Die Auswanderung des/der Einzelnen ist häufig das Projekt einer ganzen Familie oder sogar einer Dorfgemeinschaft. Die Netzwerke bleiben über die Grenzen erhalten und verknüpfen sich mit den Communities in den Einwanderungsländern. Aus diesen Netzwerken heraus erfolgt wiederum die Finanzierung des nächsten Migrationsprojekts und die entsprechende Expertise ist nun bereits vorhanden. Wer es geschafft hat, besitzt meist ein gültiges Visum für die Einreise – ein Geschäfts- oder Messevisum, aber in den meisten Fällen ein Touristenvisum. Für den langen Weg nach Europa sind sie ebenfalls wie die Tourist_Innen auf Experten angewiesen, die bei der Routenplanung, den Visa-Anträgen und den ersten Unterkünften in der neuen Heimat behilflich sind.
Aber die Abschottung Europas und sich verschärfende Visa-Restriktionen machen die Anreise, den Grenzübertritt und die Beschaffung der notwendigen Zwischenquartiere für viele Migrant_innen zu einem schwierigen und auch gefährlichen Unterfangen. Häufig können selbst Migrant_innen aus den Mittelschichten der sogenannten Entwicklungsländer die enormen finanziellen Voraussetzungen für ein Visum nicht erfüllen oder die Visumsanträge werden aus unerklärlichen Gründen abgelehnt, wie zum Beispiel während der Fußball-WM in Deutschland.

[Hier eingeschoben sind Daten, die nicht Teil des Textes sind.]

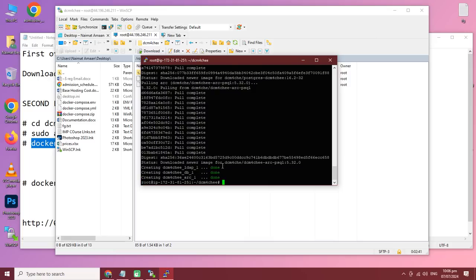It's installed. Now we need to reboot the server, and after reboot we will start the DCM4CHEE server.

Migrant_innen, denen der Zugang nach Europa verwehrt wird, müssen auf Dienstleister_innen zurückgreifen. Diese „Reiseexpert_innen“ werden zu Unrecht kriminalisiert. Die Palette der möglichen Dienstleistungen ist breit: Sie beschaffen die notwendigen Informationen, wählen Routen aus, organisieren Verkehrmittel, stellen imaginäre Besuchsprogramme mit Hotelreservierung aber auch Vermögensnachweise und Einreisepapiere zur Verfügung. Und wie bei jeder Pauschalreise hängt auch der Preis einer Fluchthilfe in der Regel von Distanz, Zielland und angebotenem „Service“ ab. So wird der kleine Grenzverkehr zum Beispiel häufig von Bewohner_innen in Grenzregionen genutzt, um sich etwas dazu zu verdienen, etwa beim Transport mit privaten Kleinbooten oder LKWs. Dabei wird berichtet, dass Taxifahrer_innen unter anderem in Görlitz als ‚Schlepper’ denunziert wurden, weil sie Migrant_innen zu ortsüblichen Taxipreisen befördert haben.
Routen, die aus anderen Kontinenten in Top-Regionen wie Nordamerika oder Westeuropa führen, sind verständlicherweise am teuersten. Permanentes Aufstocken von Grenzbeamt_innen, modernste Technologie und fälschungssichere Pässe oder Visa zwingen die „Reiseexpert_innen“, ihre technische und logistische Infrastruktur im gleichen Ausmaß zu verbessern. Die zusätzlichen Mehrkosten fallen im Allgemeinen auf die MigrantInnen zurück.
So vielfältig wie die einzelnen Dienstleistungen, so vielfältig sind auch die Anbieter. Dabei gibt es schmutzige Geschäfte und faire Geschäfte, es gibt Geschäfte mit Risiken und Geschäfte mit Garantien. Je stärker die Kontrollen an den Grenzen, umso mehr Risiken müssen die Migrant_innen in Kauf nehmen. Und es darf natürlich auch nicht unerwähnt bleiben, dass es Fluchthelfer_innen gibt, die das Leben ihrer Klient_innen riskieren, nur um die Gewinnspanne zu erhöhen. Häufig kann man zwischen Fluchthelfer_innen und Flüchtlingen nicht einmal klar unterscheiden. So verschaffen sich Flüchtlinge, wenn sie in einem Transitland stranden, nach und nach eine gewisse Expertise über die Landes- und Grenzverhältnisse. Als Fluchthelfer_innen verdienen sie sich ein kleines Einkommen, bis sie dann selber weiterreisen können. Fluchthilfe ist in diesem Fall ein Teil der Migrationsbewegung.